Efectivo cae de 95% a 64% en los pagos cotidianos en Perú

Uso de efectivo baja a 64% mientras pagos digitales se disparan en Perú

El efectivo viene perdiendo protagonismo en los pagos cotidianos de los peruanos, mientras las billeteras digitales y otros medios electrónicos ganan espacio. En los últimos cinco años, la participación del efectivo en las compras del día a día pasó de alrededor de 95% a 64%, según las cifras presentadas por Paul Castillo, gerente general del Banco Central de Reserva del Perú (BCRP), durante el II Foro Internacional Payments Innovation – Perú 2026.

La evolución implica una caída de aproximadamente 31 puntos porcentuales en la participación del efectivo. Si bien el dinero físico todavía representa una parte importante de las transacciones, el cambio muestra la velocidad con la que los medios de pago digitales se han incorporado a las operaciones cotidianas.

El avance de los pagos digitales también se refleja en la cantidad de operaciones que realiza cada adulto. Castillo señaló que Perú pasó de registrar 30 pagos digitales por adulto en 2018 a 665 en 2025, mientras que en junio de 2026 la cifra llegó a 767 pagos digitales por adulto.

Billeteras e interoperabilidad impulsan el cambio

El crecimiento no se limita a las billeteras digitales. El conjunto de pagos digitales pasó de alrededor de 82 millones de operaciones mensuales en 2018 a más de 1.600 millones en junio de 2026, de acuerdo con las cifras expuestas por el BCRP.

Dentro de este ecosistema, las operaciones interoperables —aquellas que permiten realizar transacciones entre diferentes proveedores— alcanzaron 312 millones de operaciones mensuales en junio de 2026. Castillo destacó que este componente no existía antes de 2022 y actualmente constituye uno de los segmentos de mayor crecimiento del sistema de pagos peruano.

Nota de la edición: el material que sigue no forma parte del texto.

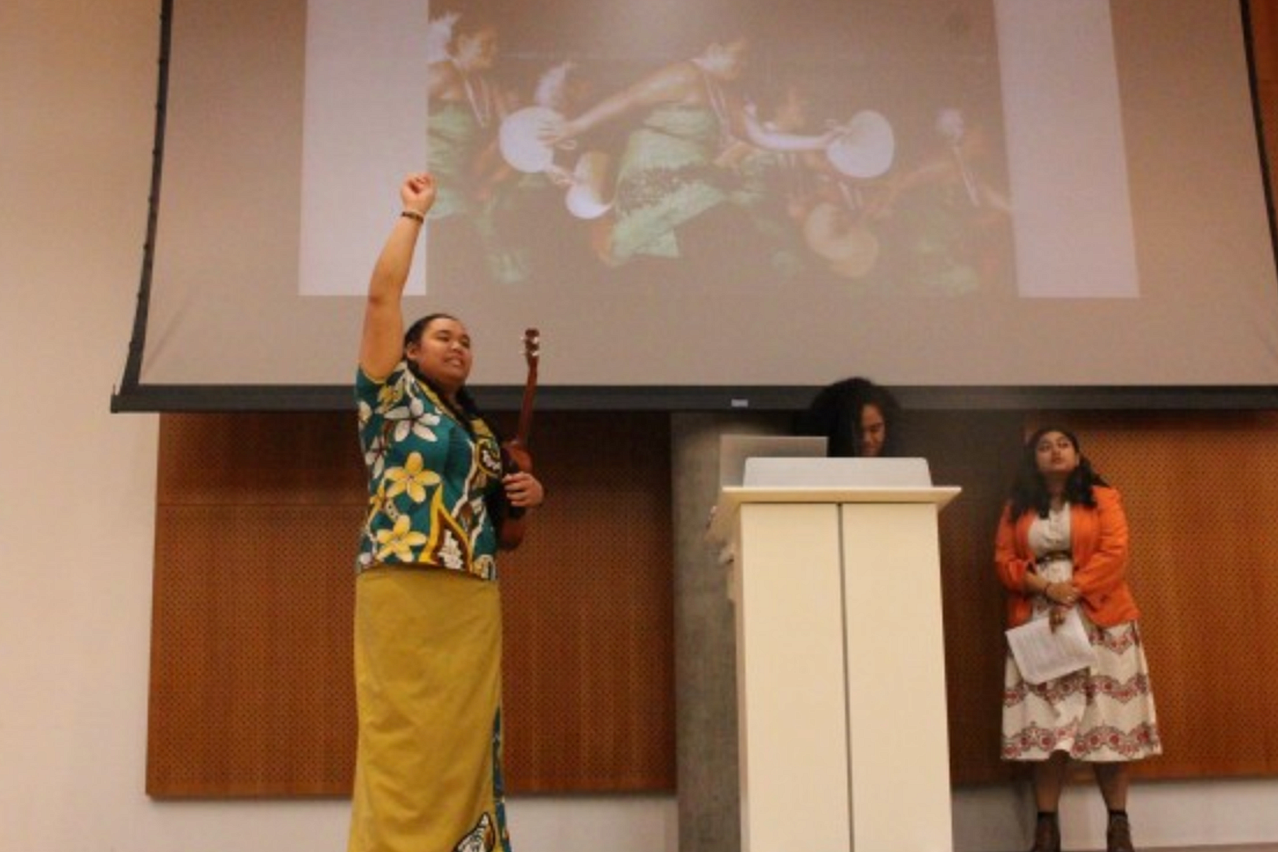 Women standing on stage raising her fist.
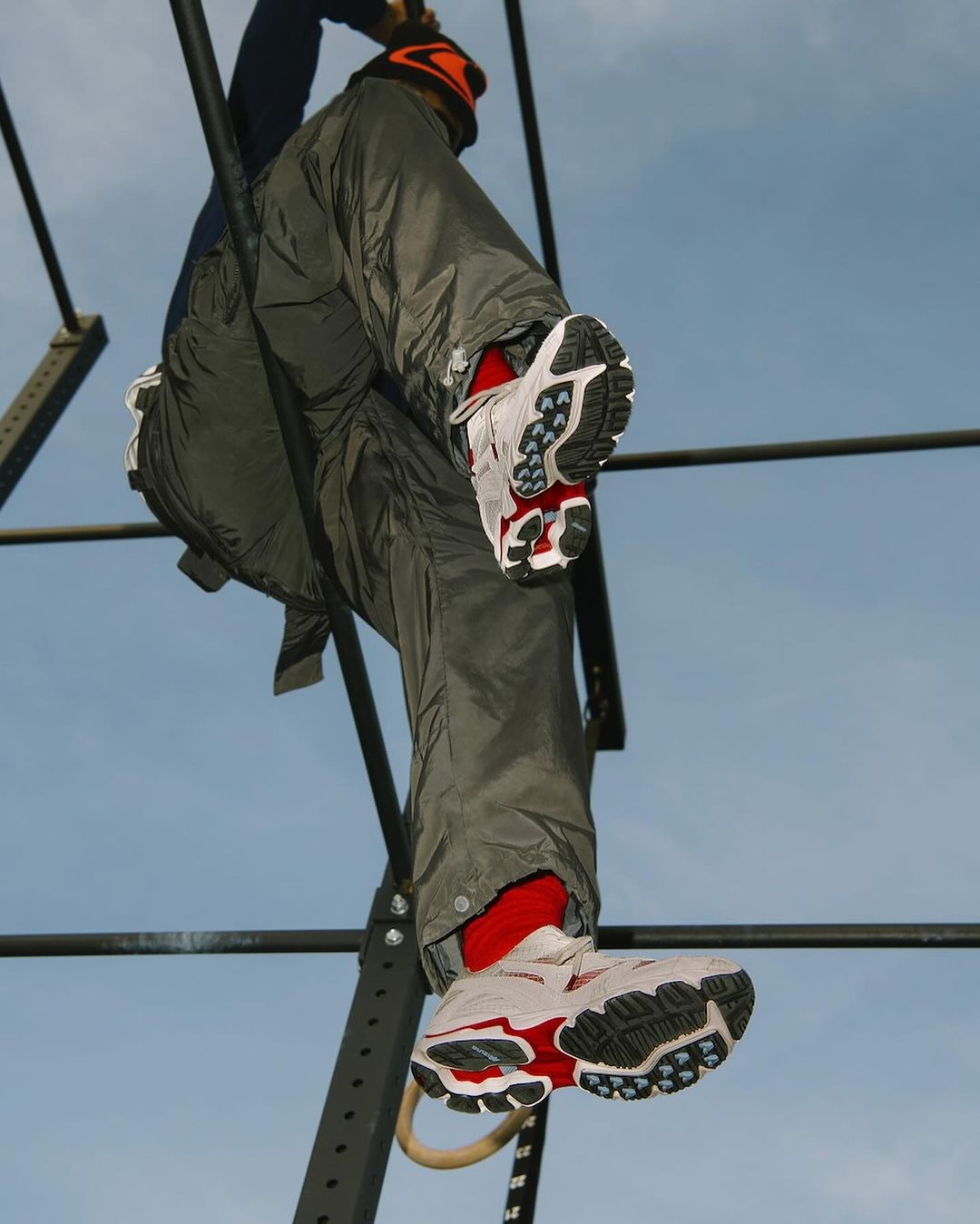 Person climbing monkey bars wearing athletic shoes. A low-angle perspective captures the gray metal bars against a bright blue sky backdrop.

La interoperabilidad ha sido uno de los principales factores detrás de esta expansión. El BCRP identificó que en 2022 existía una fuerte fragmentación: las principales billeteras digitales no podían transferirse fondos entre sí ni utilizar un código QR común. El proceso de interoperabilidad buscó eliminar esas barreras y ampliar las posibilidades de uso para los consumidores.

El resultado ha sido un ecosistema con mayor participación de distintos proveedores. Según Castillo, la segunda fase de interoperabilidad registra un crecimiento anual de 88% en el número de transacciones, mientras que la tercera fase, que amplió la participación de emisores de dinero electrónico, registra un crecimiento de 285%.

Para el BCRP, una mayor interoperabilidad mejora la experiencia del usuario porque permite realizar pagos sin que este tenga que preocuparse por qué proveedor utiliza la otra persona o comercio. Además, genera efectos de red que pueden acelerar la adopción de los pagos digitales.

El siguiente paso será profundizar esa integración mediante la iniciación de pagos. Esta modalidad permitirá que una persona pueda elegir la billetera o aplicación que prefiera y vincularla con la cuenta donde mantiene sus fondos, ampliando las alternativas disponibles para realizar una operación.

Aunque el efectivo mantiene una participación relevante, especialmente fuera de las zonas con mayor acceso a servicios financieros, la tendencia apunta hacia una mayor digitalización. El propio BCRP considera que el siguiente desafío es incorporar a la población no bancarizada y aumentar la frecuencia con la que los usuarios ya bancarizados utilizan los medios de pago digitales.

La meta planteada por Castillo es que, en los próximos años, más del 90% de la población utilice pagos digitales, lo que profundizaría el cambio en los hábitos de pago y reduciría aún más el peso del efectivo en la economía cotidiana.